Sulla vicenda ha aperto un’istruttoria anche l’Autorità garante per la protezione dei dati personali: è stata inviata una richiesta di informazioni a Lusha Systems Inc., società statunitense che vende – spiega l’Authority in una nota – “recapiti anche telefonici di dubbia provenienza anche di persone che vivono in Italia, inclusi quelli di rappresentanti di spicco delle istituzioni”. In particolare, si legge, la società “dovrà specificare quanti siano i dati di persone che vivono in Italia raccolti o trattati, chiarire le modalità di raccolta e fornire maggiori informazioni su ciascuna fonte che alimenta il proprio database. Lusha, inoltre dovrà chiarire se sono oggetto di trattamento i dati personali di utenti che non utilizzano la piattaforma e, con particolare riguardo agli indirizzi e-mail e ai numeri di telefono, dovrà specificare: le fonti di acquisizione; se viene acquisito il consenso per l’invio di comunicazioni commerciali o pubblicitarie o il compimento di ricerche di mercato; le finalità per le quali tali dati vengono comunicati agli utenti e la relativa richiesta di consenso”.
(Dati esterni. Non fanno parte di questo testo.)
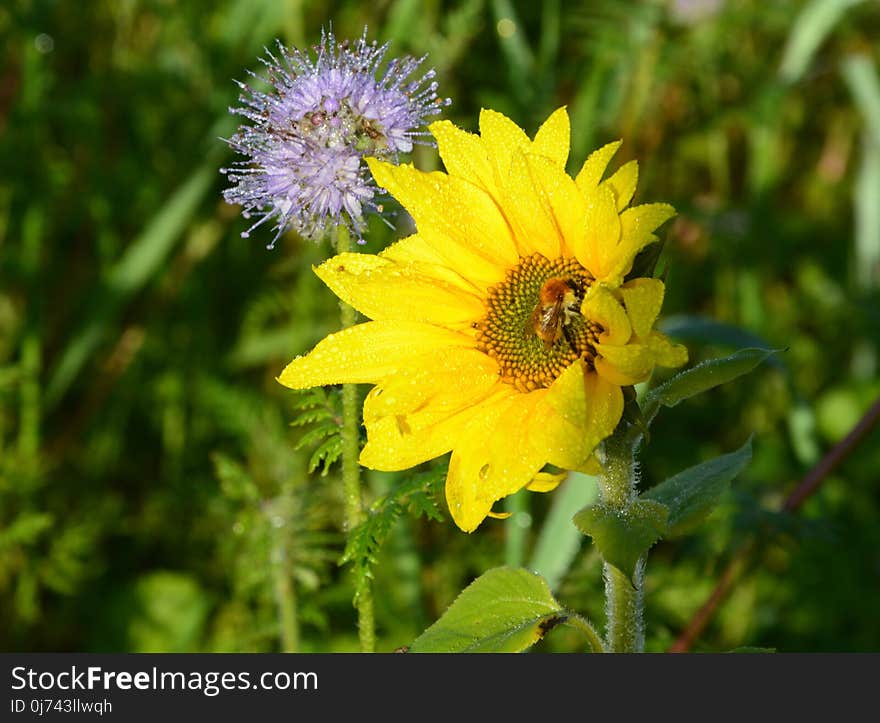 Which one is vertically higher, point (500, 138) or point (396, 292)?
point (500, 138)

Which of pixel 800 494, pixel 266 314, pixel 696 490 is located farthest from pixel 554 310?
pixel 266 314

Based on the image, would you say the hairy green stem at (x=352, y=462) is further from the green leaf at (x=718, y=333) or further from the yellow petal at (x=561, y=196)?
the green leaf at (x=718, y=333)

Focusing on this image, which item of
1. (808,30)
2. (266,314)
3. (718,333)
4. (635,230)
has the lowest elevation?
(635,230)

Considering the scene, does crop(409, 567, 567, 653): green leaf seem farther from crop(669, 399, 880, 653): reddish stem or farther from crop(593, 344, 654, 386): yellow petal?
crop(669, 399, 880, 653): reddish stem

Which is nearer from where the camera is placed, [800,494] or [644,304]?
[644,304]

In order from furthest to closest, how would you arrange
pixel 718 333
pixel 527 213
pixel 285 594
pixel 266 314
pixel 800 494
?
pixel 266 314 < pixel 718 333 < pixel 800 494 < pixel 285 594 < pixel 527 213

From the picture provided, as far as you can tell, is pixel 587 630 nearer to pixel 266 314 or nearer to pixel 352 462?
pixel 352 462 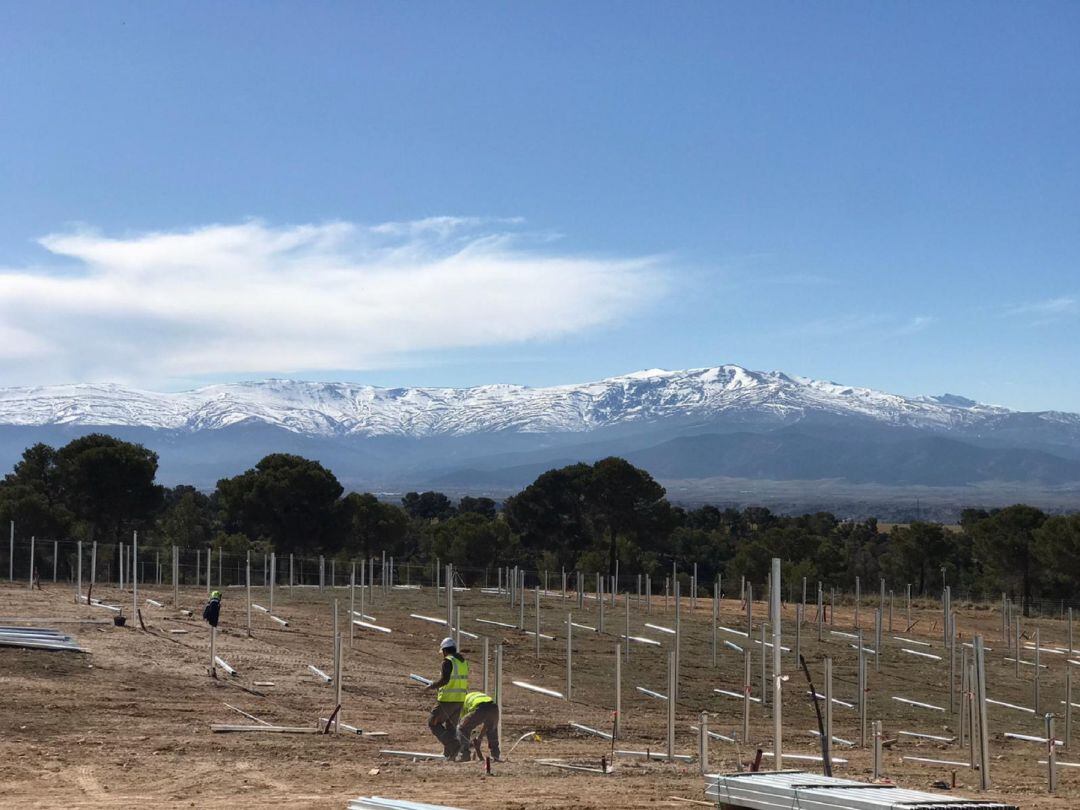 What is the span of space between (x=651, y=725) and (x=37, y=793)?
1193 centimetres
Dalla politica si fa sentire Matteo Renzi, che chiede le dimissioni del direttore dell’Agenzia nazionale per la cybersicurezza, il prefetto Bruno Frattasi, già prefetto di Roma e capo gabinetto del Viminale. “Oggi il Fatto quotidiano – non propriamente la mia lettura preferita – dimostra come i numeri di telefono delle autorità italiane siano reperibili liberamente su Internet“, scrive il leader di Italia viva nella sua newsletter. E l’autorità cyber che fa? Assume a più non posso ma non riesce a controllare nulla. Perché quando scegli sulla base dell’amichettismo e non del merito finisce che siamo tutti più a rischio. Spero che il prefetto Frattasi, brava persona ma non adatta a guidare la cybersicurezza, lasci subito l’incarico e al suo posto vada uno come Nicola Gratteri“, il procuratore capo di Napoli, chiede Renzi. Come ha raccontato il nostro giornale, Mavilla aveva avvertito con un post su Linkedin l’agenzia guidata da Frattesi che online erano reperibili tutti i nomi e i cognomi dei suoi dipendenti, compresi indirizzi mail e numeri di telefono. La risposta dell’Acn era stata: “Bah, a noi pare una bufala. Saluti”.